If you find yourself confused, don't worry—I'll explain:

What does isnull().sum().sum() do?

Think of a DataFrame simply as another term for a table, where we have rows and columns.




The first .sum() examines all the columns in the DataFrame and returns the total count of nulls per column. 





The second .sum() processes the row of values (a Series) and returns the overall total of nulls.
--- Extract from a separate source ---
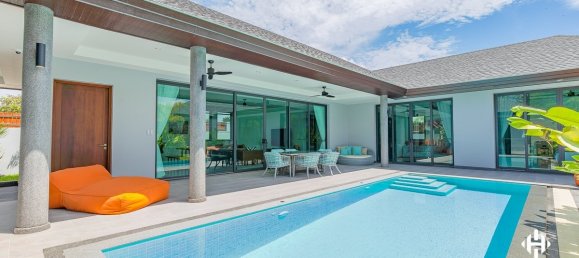 4 chambres house à louer à Bang Tao, Phuket, Southern Thailand, Thailand № 78872 2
In essence, we use .sum().sum() to calculate the number of blanks in two dimensions: across rows and columns,  a task we humans perform by simply looking at the grid!

Sample Code:

import pandas as pd
import numpy as np

# Creating a DataFrame with null values
data = {
'A': [1, 2, np.nan, 4],
'B': [5, np.nan, 7, 8],
'C': [np.nan, 10, 11, 12]
}

df = pd.DataFrame(data)

# Counting the number of null values in the DataFrame

total_missing = df.isnull().sum().sum()

print("Number of null values:", total_missing)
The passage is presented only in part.